The courts also found on the basis of evidence that the Society was in effective occupation of the land until it was transferred to the the persons mentioned in Ext. P2 strictly for the purpose of cultivation by means of pooling through the farming society. The courts rejected the appellants' claim that the properties in question have been transferred to them under a certain document by Shri Sundara Iyer. The appellants did not produce the document and they have no case that any registered document conveying title to them is in existence In the light of such telling evidence on the part of the plaintiff and having regard to the total lack of evidence on the part of defendants 1 and 2, the courts concurrently found that the contentions of the 1st and 2nd defendants regarding title were totally without basis. In the second appeal, it is not within my province to re-appreciate the evidence. I see no substance in this contention also.
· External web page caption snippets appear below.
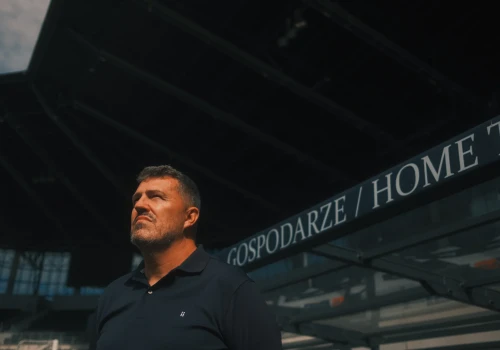 Nowy trener, nowy członek sztabu i nowy napastnik. Pogoń odsłania karty przed sezonem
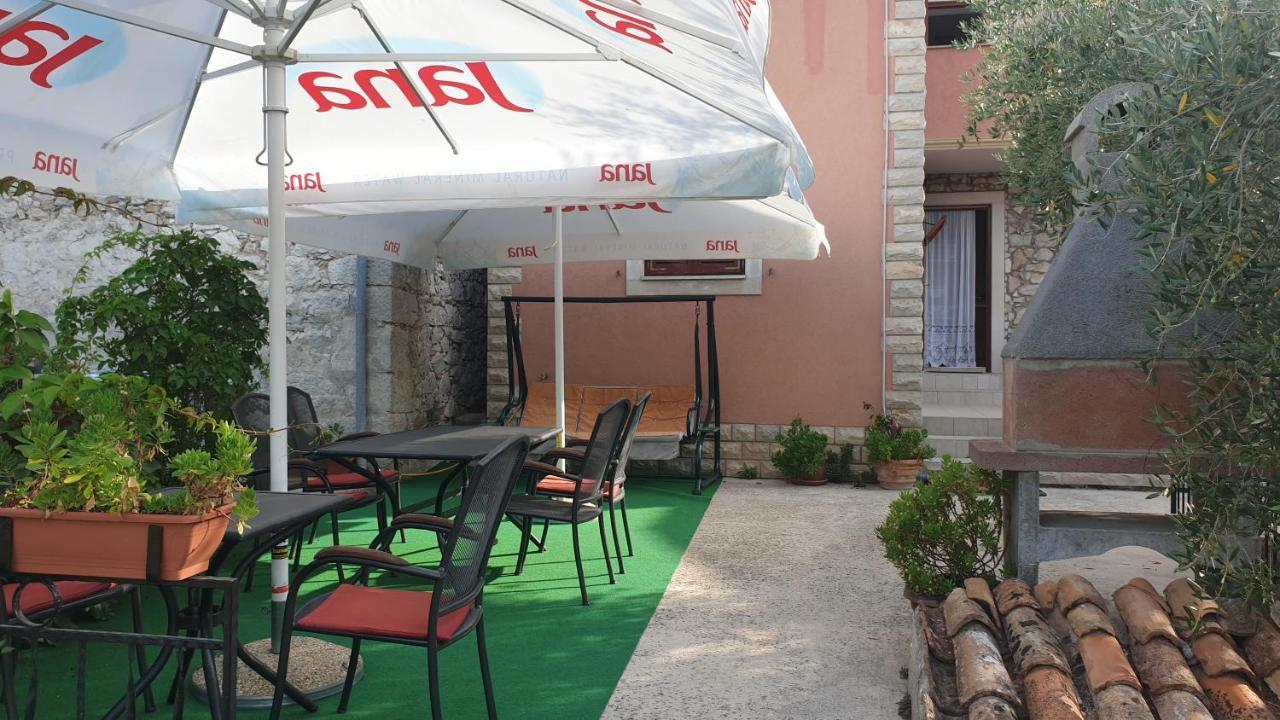 Apartments Rosa Mali Lošinj Buitenkant foto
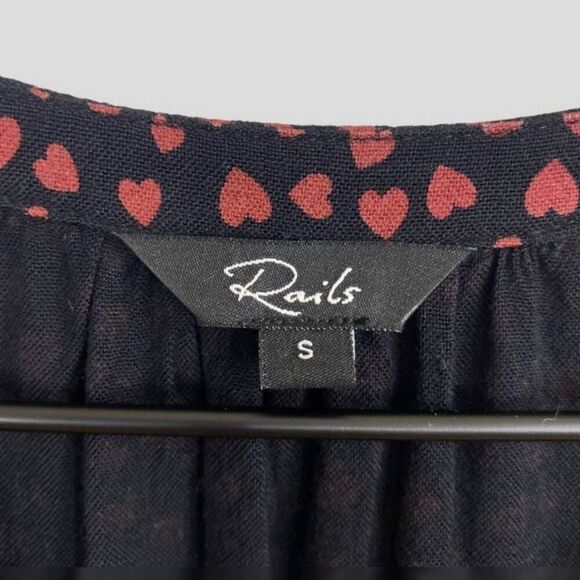 Rails Jasmine Enamoured dress Smocked Waist Black Red Hearts  size S - Picture 9 of 10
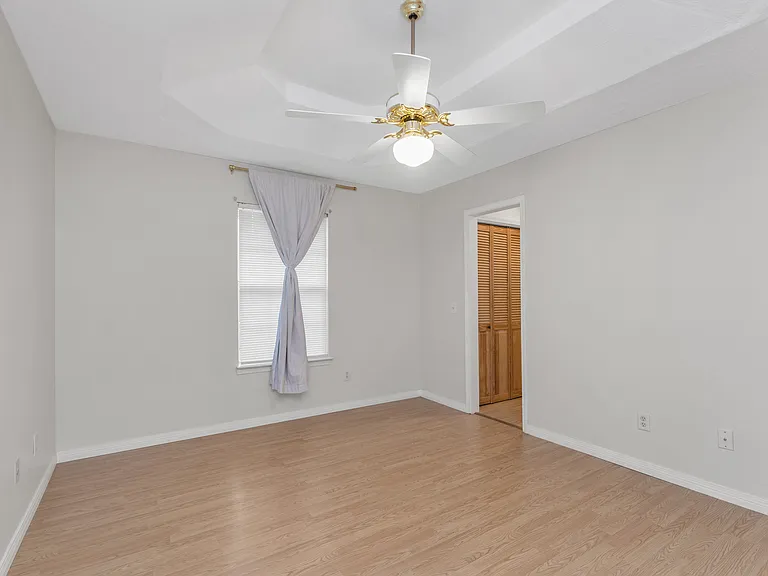 1708 Colonial Ct — Photo 11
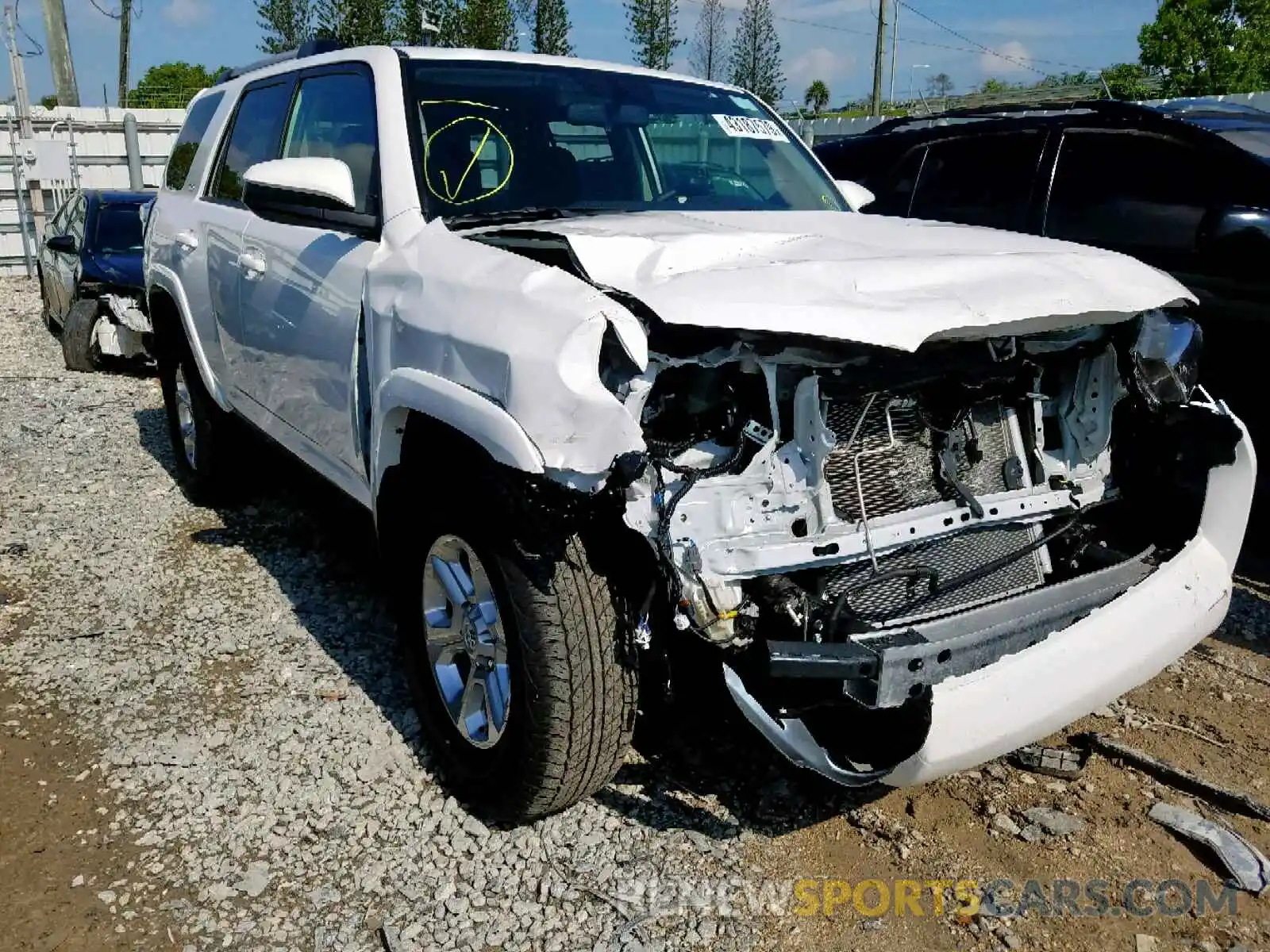 1 Photograph of a damaged car JTEZU5JRXK5196732 TOYOTA 4RUNNER SR 2019
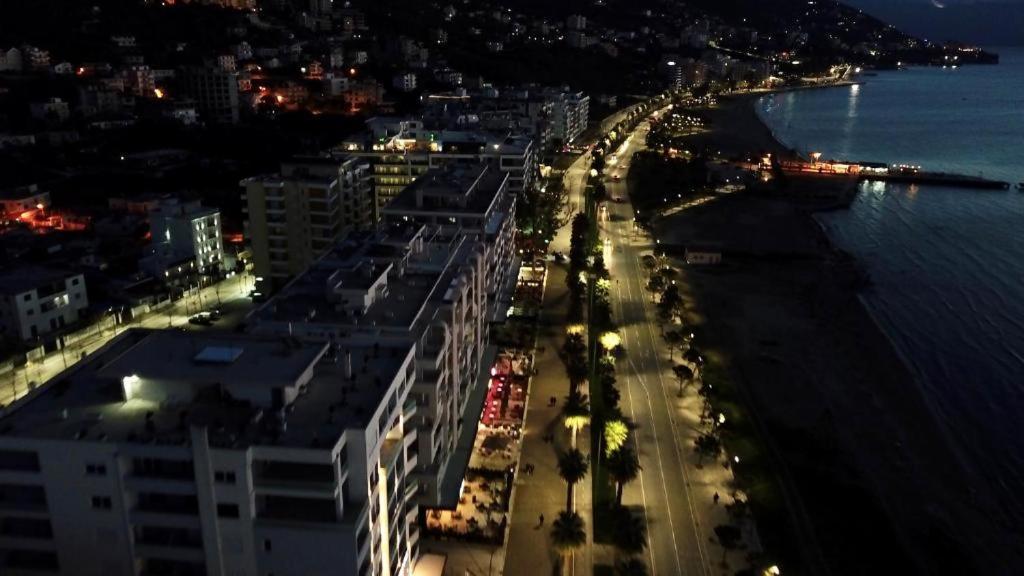 Diora'S Hotel And Apartments วญอเรอ ภายนอก รูปภาพ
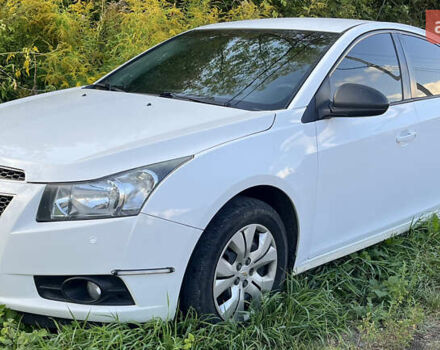 Белый Шевроле Круз, объемом двигателя 1.8 л и пробегом 267 тыс. км за 6790 $, фото 14 на Automoto.ua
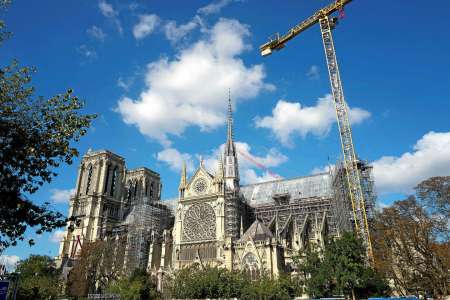 Payer 5 euros pour entrer dans Notre-Dame de Paris ? La classe politique divisée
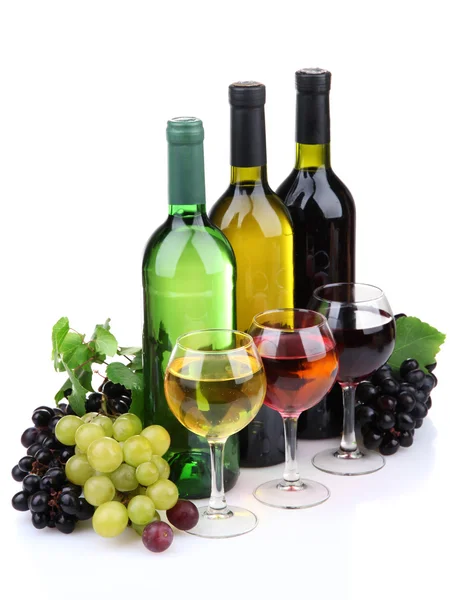 Botellas y copas de vino y surtido de uvas, aisladas sobre blanco — Foto de Stock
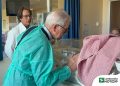 L'assessore Bertolaso in visita a Niguarda al bambino abbandonato che è in condizioni stabili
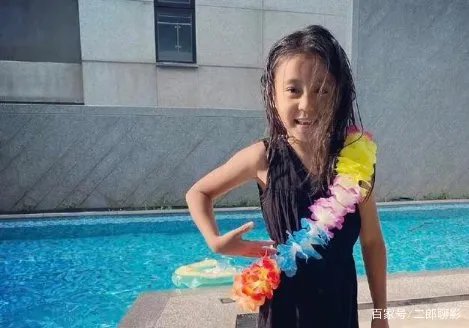 贾静雯晒女儿们的近照,你觉得她的女儿们可爱吗?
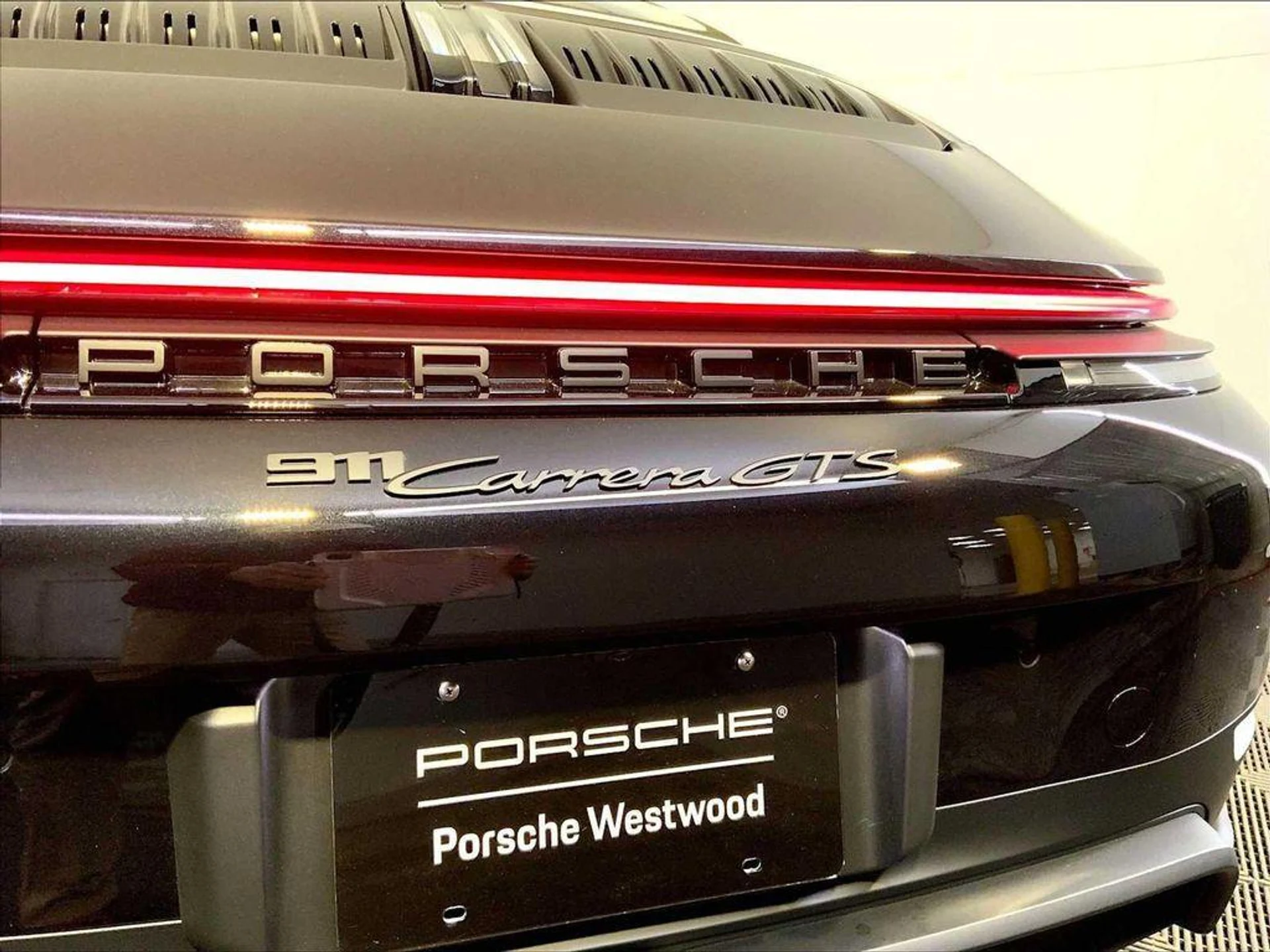 mph018_2860092937_x_KYNIM_Ou_Gxl_Y3pyjq6_F9_B_Jn_Zuu_E_4679ecfff0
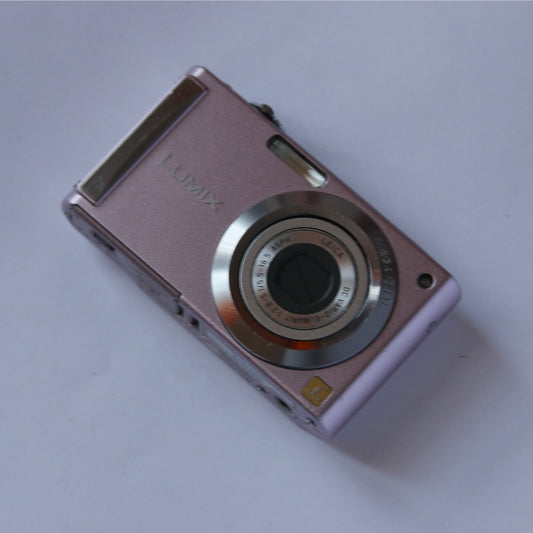 Panasonic LUMIX DMC-FS3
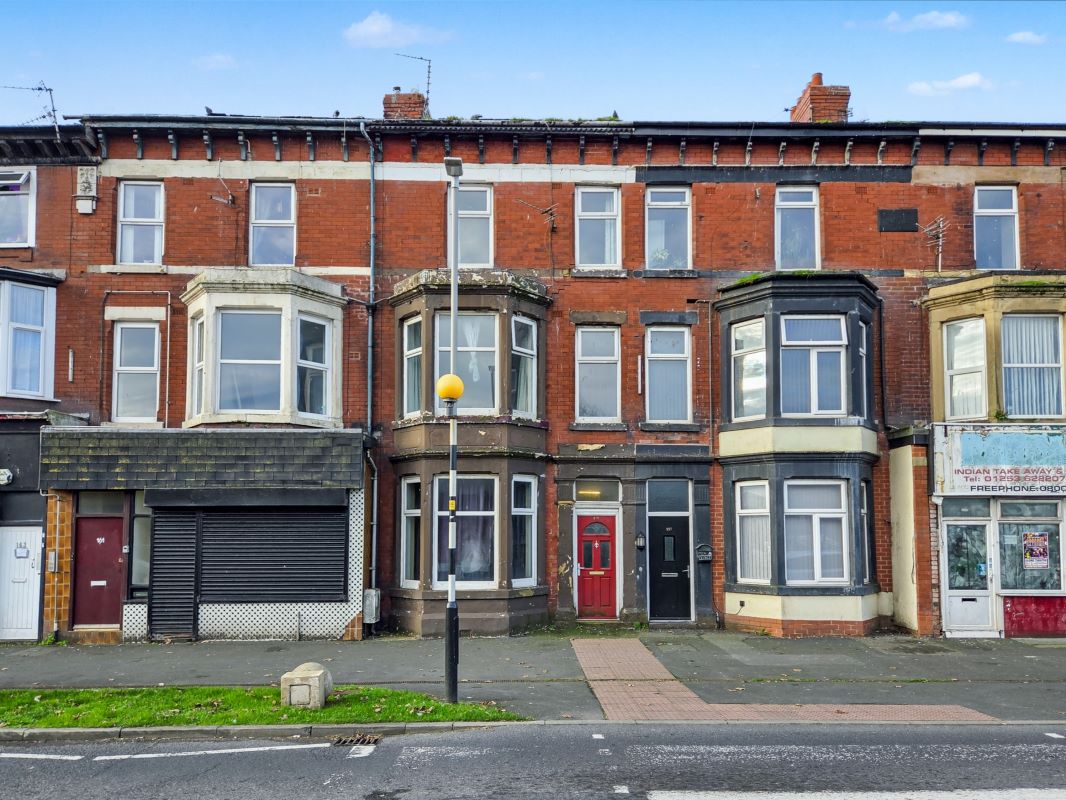 Property for Auction in Lincolnshire - 159 Central Drive, Blackpool, Lancashire, FY1 5ED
The appeal therefore fails and it is dismissed. 11. The courts below rightly held that the suit was not maintainable against defendants 3 and 4. Notwithstanding the dismissal of the suit against them with costs by the trial court, they were unnecessarily made parties to the proceedings in the lower appellate court as well as here. In the circumstances I am of the view that defendants 3 and 4 (respondents 2 and 3 in this appeal) are entitled to their costs throughout. I do not however make any direction as regards the costs of the 1st respondent plaintiff in the second appeal. I wish to express my appreciation for the learning and ability with which Shri R. D. Shenoi, counsel for the 1st respondent/ plaintiff, presented his argument.